TASK OBJECTIVE =
Take the material below and extract the lines from the one with "FESTA MEIA PROFISSÃO - UNIPAM 2025 - 2 - 44" through the one with "Doors Galore Pty Ltd", word for word, without pictures.

PROVIDED RECORDS =
[Start of section]
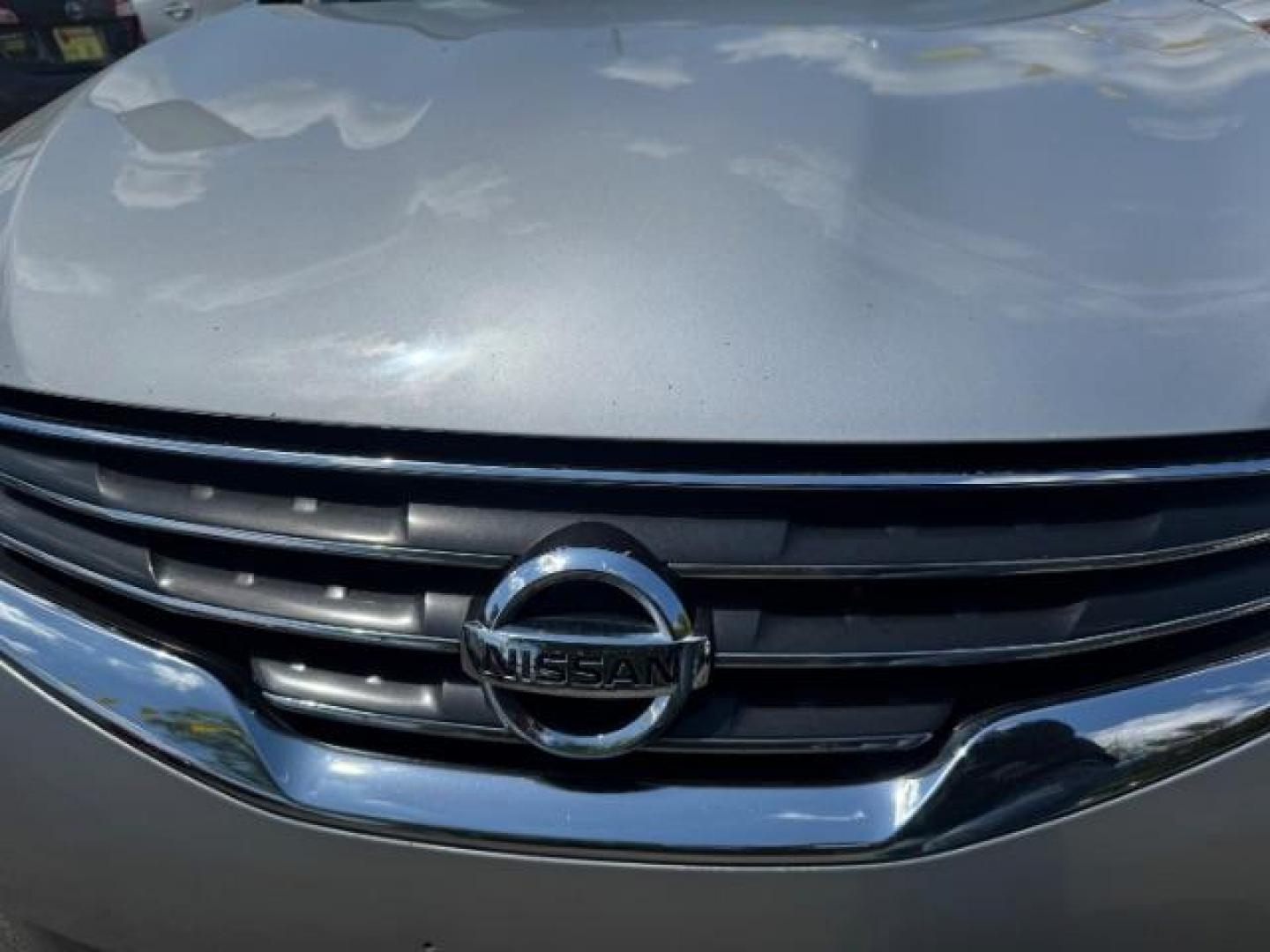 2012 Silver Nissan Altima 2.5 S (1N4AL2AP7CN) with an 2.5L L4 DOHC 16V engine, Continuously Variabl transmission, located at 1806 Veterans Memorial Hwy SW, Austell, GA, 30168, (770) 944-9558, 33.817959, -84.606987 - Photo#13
[End of section]
[Start of section]
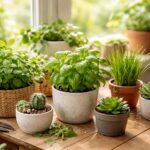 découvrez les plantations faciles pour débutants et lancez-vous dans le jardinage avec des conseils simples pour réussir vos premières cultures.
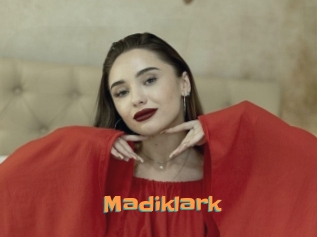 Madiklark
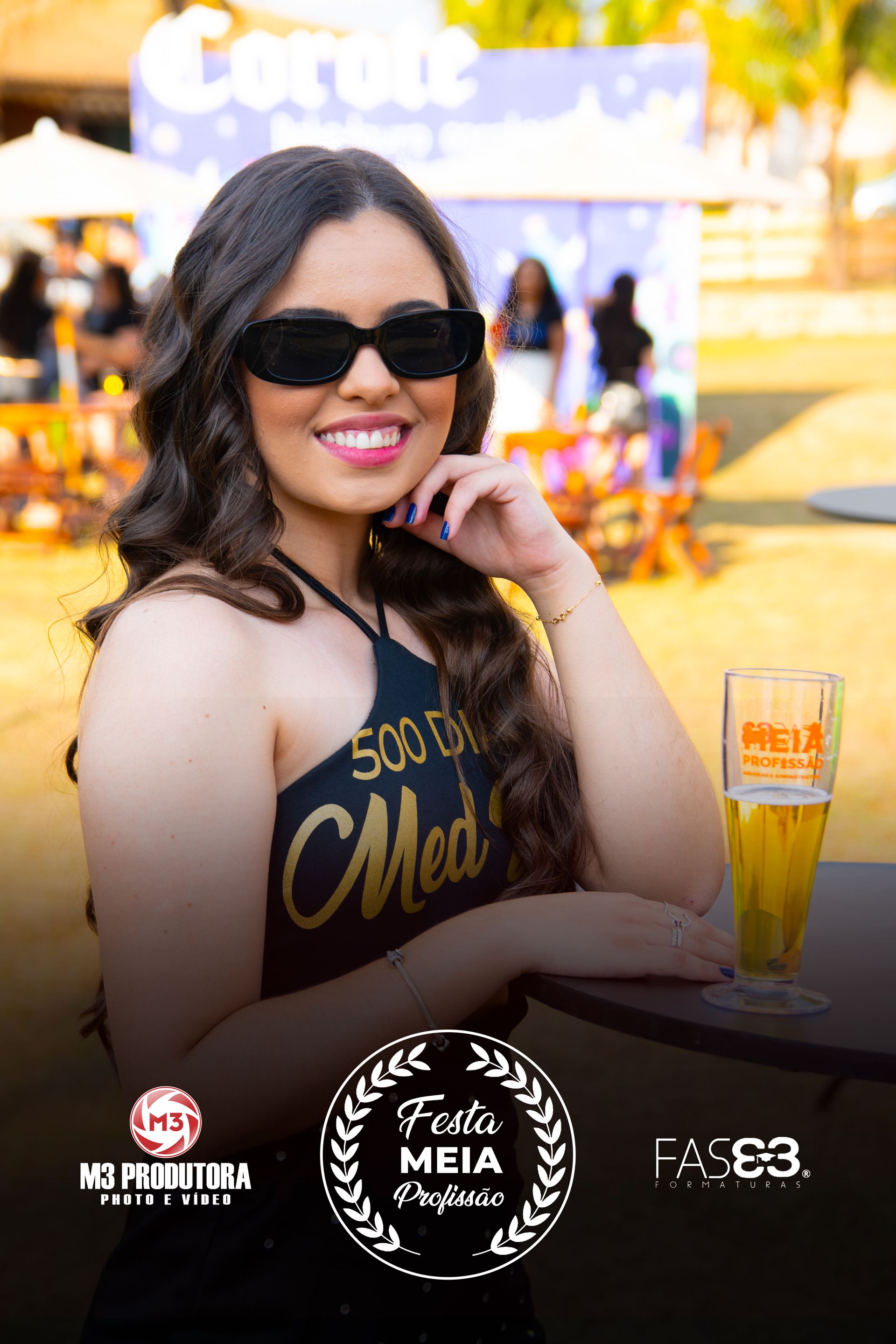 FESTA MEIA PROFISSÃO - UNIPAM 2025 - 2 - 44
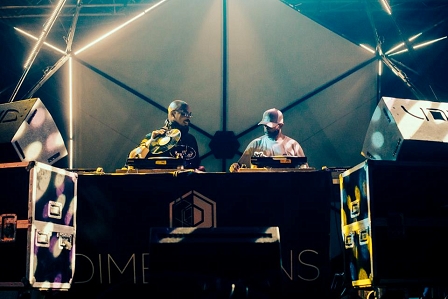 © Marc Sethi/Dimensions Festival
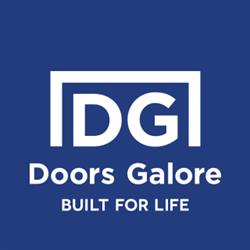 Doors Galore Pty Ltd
[End of section]
WRITTEN ANSWER =
 FESTA MEIA PROFISSÃO - UNIPAM 2025 - 2 - 44
 © Marc Sethi/Dimensions Festival
 Doors Galore Pty Ltd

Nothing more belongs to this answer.